● **EXERCISE OBJECTIVE**:
What you return should be the complete data below, word for word, with no pictures in it.

● **STORED DATA**:
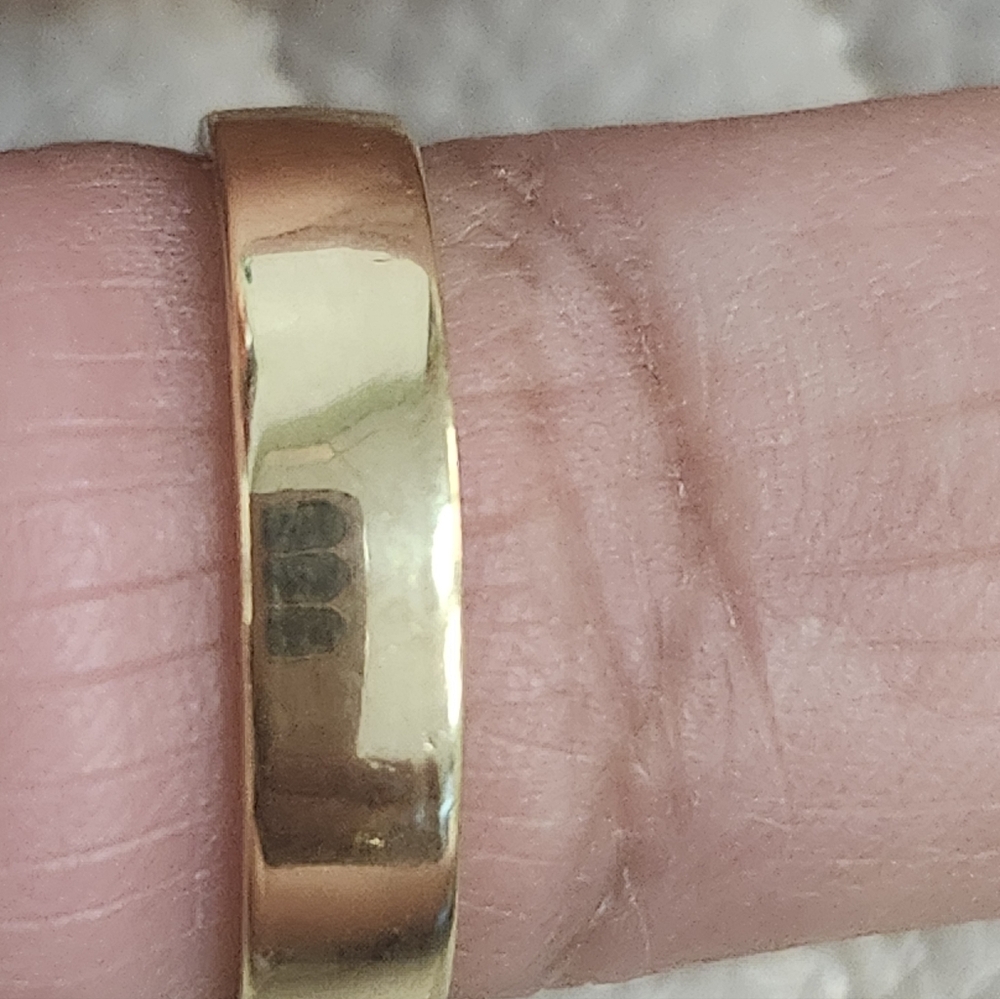 14kt Gold  Band Ring Size 7
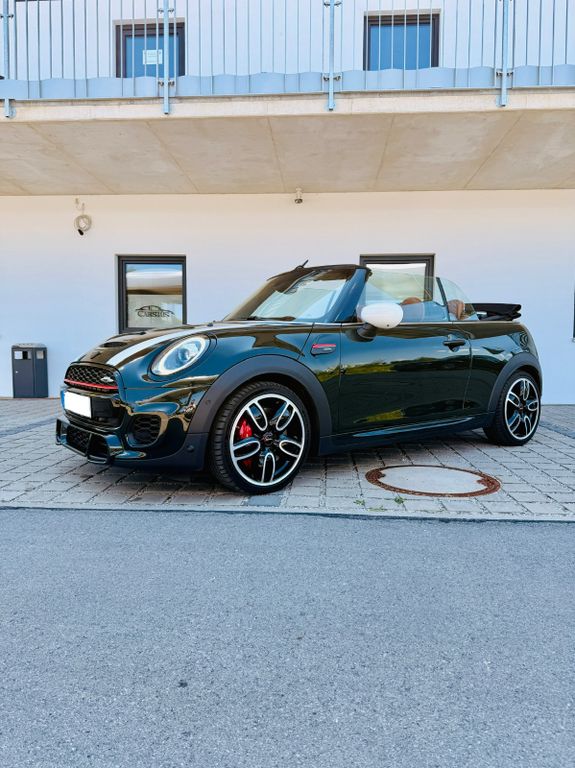 Bild des Angebotes MINI JCW Cabrio Rebellgreen + braun,H/K,Connected XL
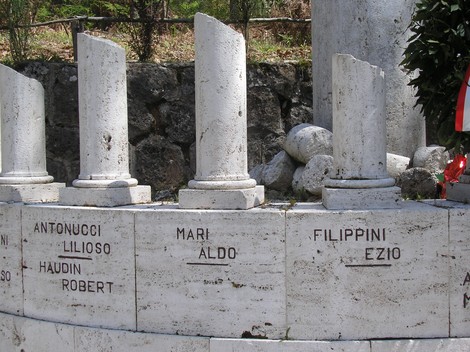 Monumento ai caduti di Scalvaia, commemorazione di coloro che hanno sacrificato la vita per la patria.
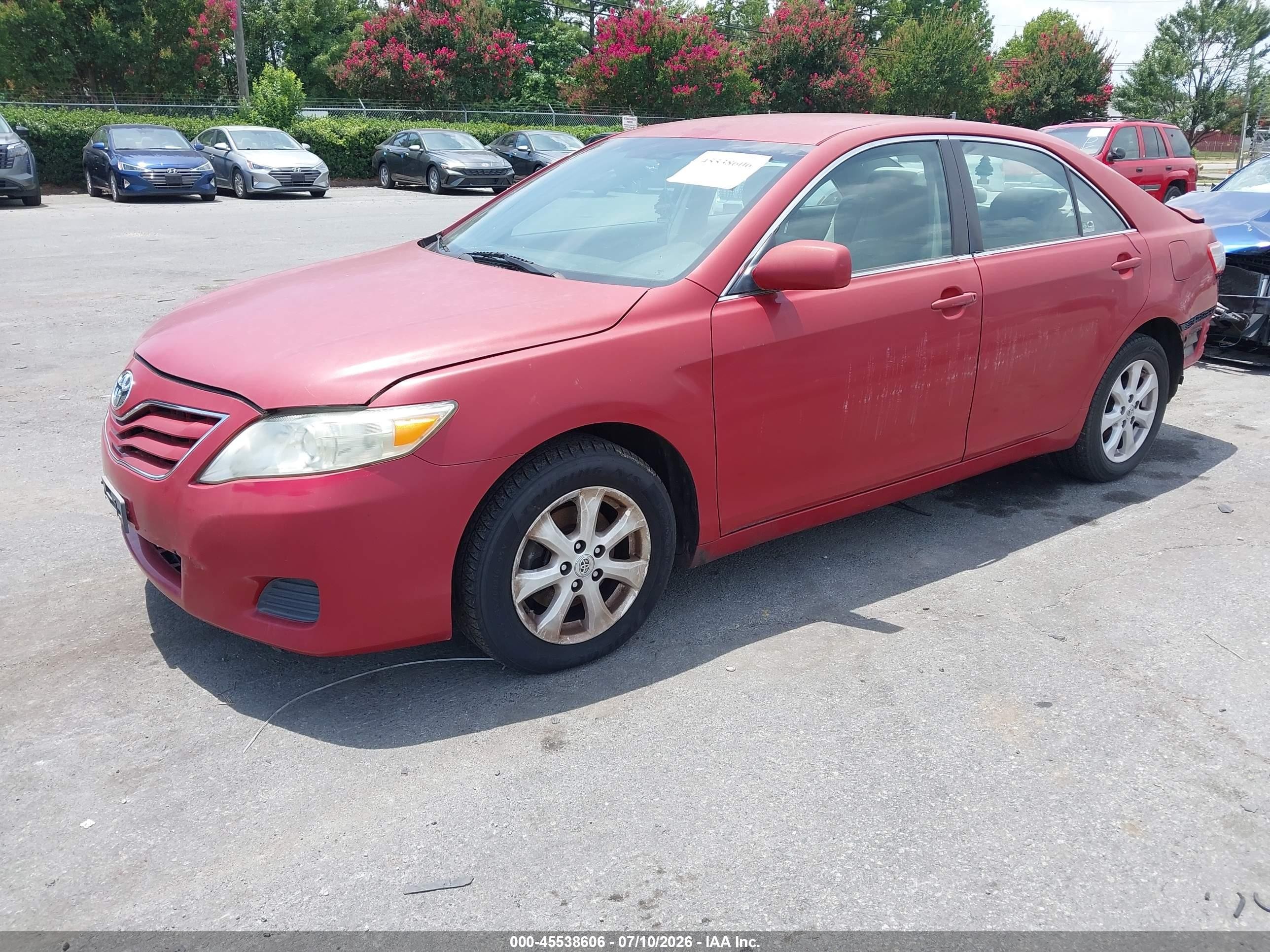 2011 Toyota Camry Le Red vin: 4T1BF3EK3BU149609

● **EXPECTED OUTPUT**:
 14kt Gold  Band Ring Size 7
 Bild des Angebotes MINI JCW Cabrio Rebellgreen + braun,H/K,Connected XL
 Monumento ai caduti di Scalvaia, commemorazione di coloro che hanno sacrificato la vita per la patria.
 2011 Toyota Camry Le Red vin: 4T1BF3EK3BU149609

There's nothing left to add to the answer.